Provided records |
————————

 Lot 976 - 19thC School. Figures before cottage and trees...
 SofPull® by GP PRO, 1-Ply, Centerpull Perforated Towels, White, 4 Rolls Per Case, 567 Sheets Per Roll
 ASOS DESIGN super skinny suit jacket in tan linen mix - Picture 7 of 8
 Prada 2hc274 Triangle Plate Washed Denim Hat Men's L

————————

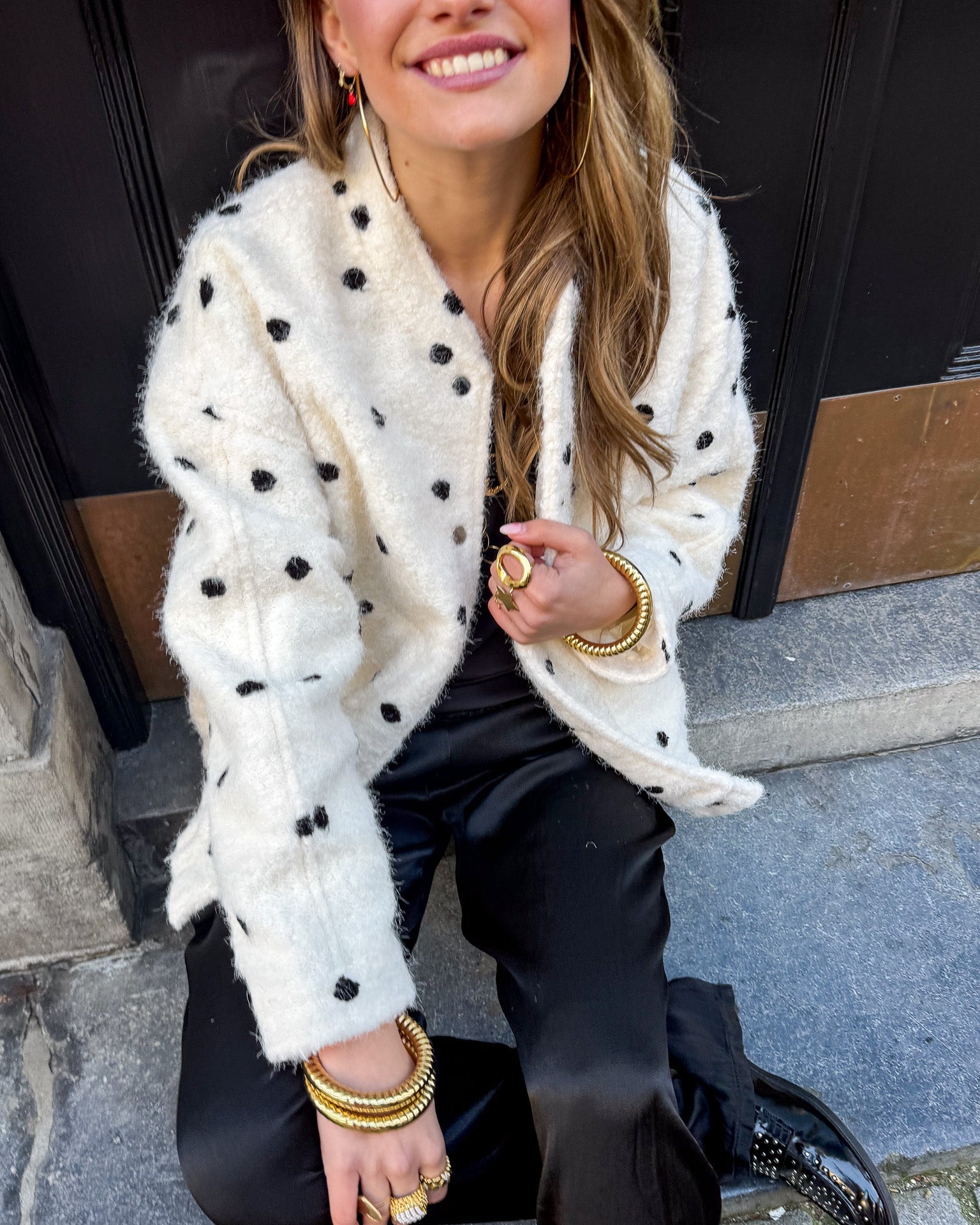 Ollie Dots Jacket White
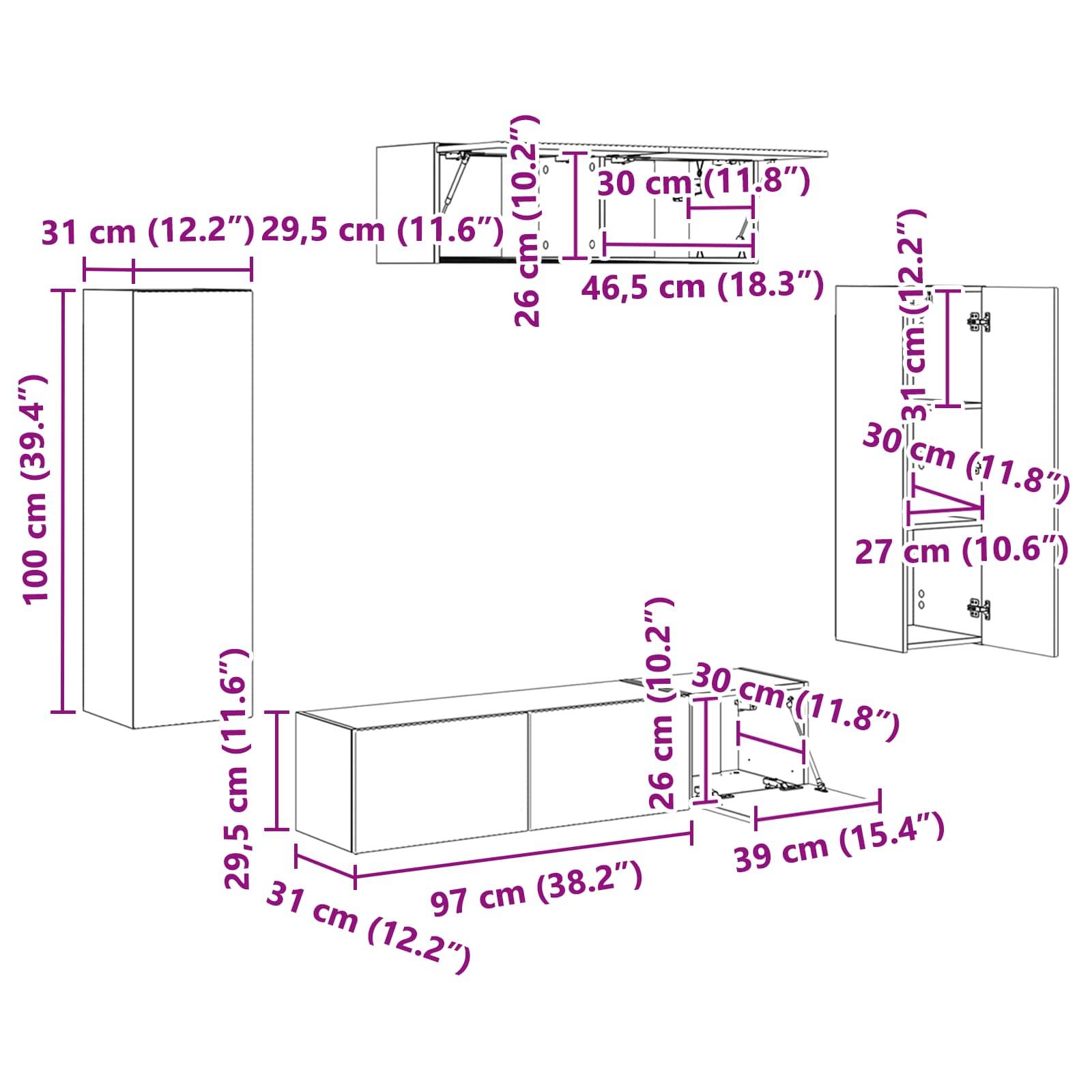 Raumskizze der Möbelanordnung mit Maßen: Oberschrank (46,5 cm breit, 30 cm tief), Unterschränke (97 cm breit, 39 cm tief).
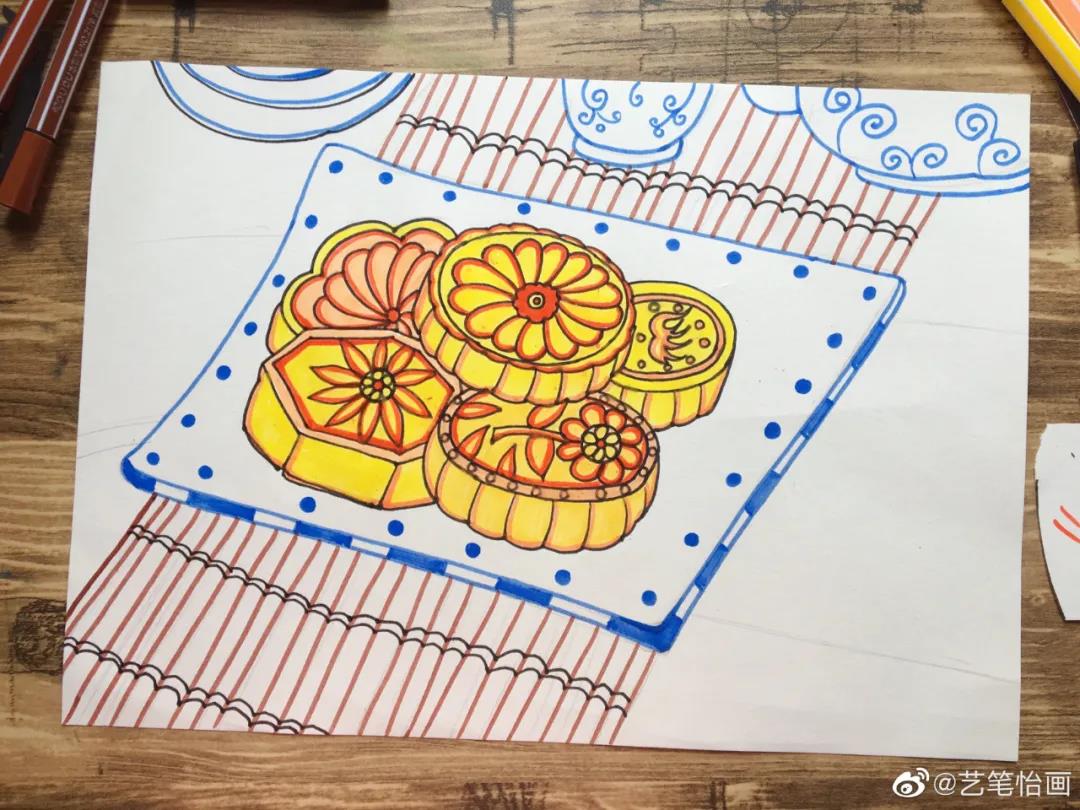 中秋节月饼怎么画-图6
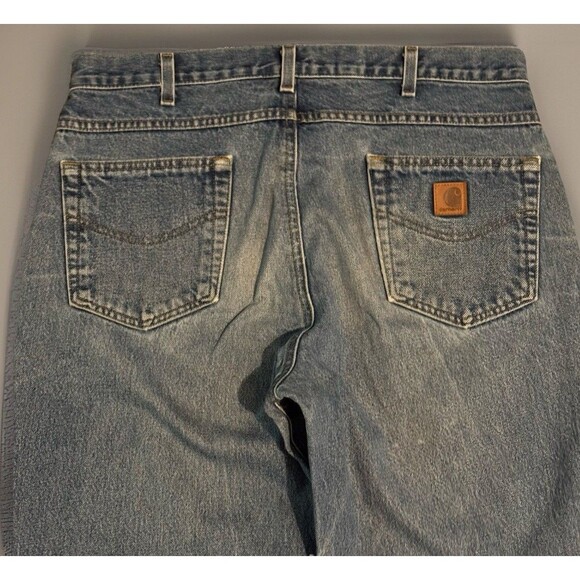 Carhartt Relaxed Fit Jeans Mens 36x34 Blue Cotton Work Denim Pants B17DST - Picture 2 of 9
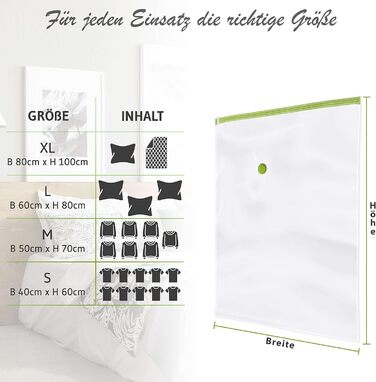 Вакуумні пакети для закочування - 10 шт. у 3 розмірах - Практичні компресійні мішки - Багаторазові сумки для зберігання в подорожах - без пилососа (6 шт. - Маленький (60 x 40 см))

————————

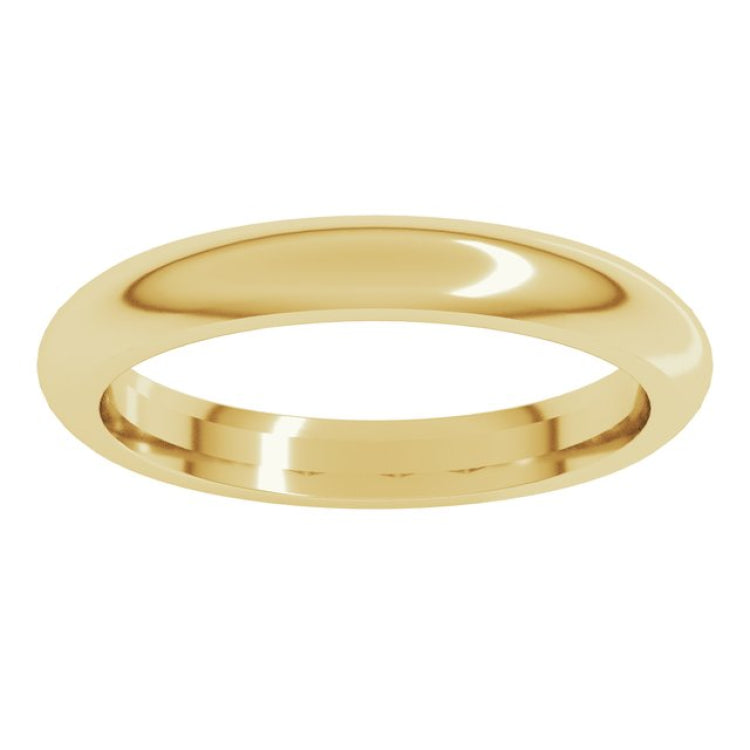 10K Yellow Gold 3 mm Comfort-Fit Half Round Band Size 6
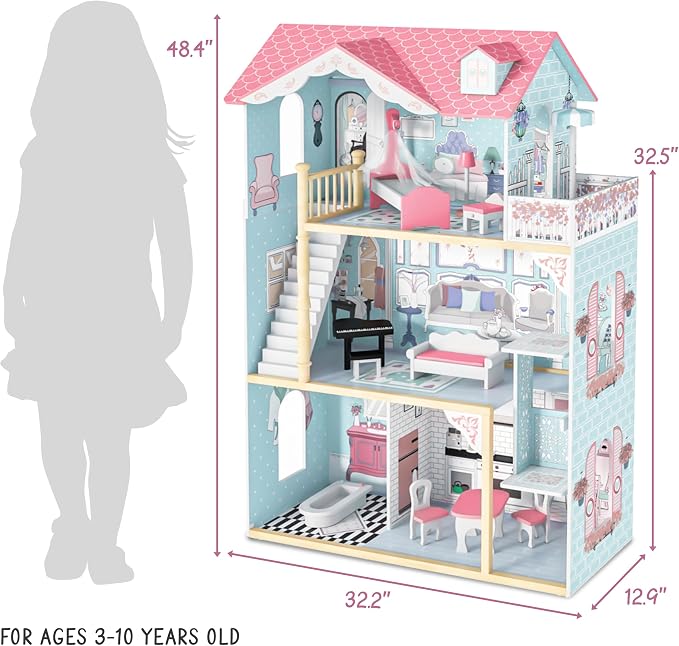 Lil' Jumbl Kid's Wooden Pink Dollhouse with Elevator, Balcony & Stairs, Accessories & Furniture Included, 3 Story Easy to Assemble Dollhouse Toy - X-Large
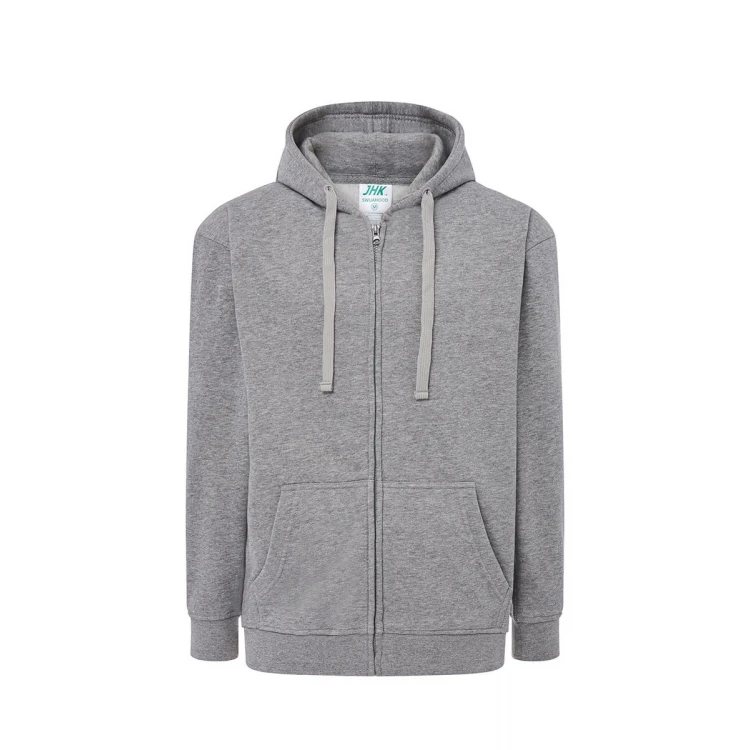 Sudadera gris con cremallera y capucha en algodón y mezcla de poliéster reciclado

————————

What you have to do |
Nothing but the lines above from the one that has "Lil' Jumbl Kid's" down to the one that has "Sudadera gris con" belongs in the answer, copied exactly, without pictures.

Response area |
 Lil' Jumbl Kid's Wooden Pink Dollhouse with Elevator, Balcony & Stairs, Accessories & Furniture Included, 3 Story Easy to Assemble Dollhouse Toy - X-Large
 Sudadera gris con cremallera y capucha en algodón y mezcla de poliéster reciclado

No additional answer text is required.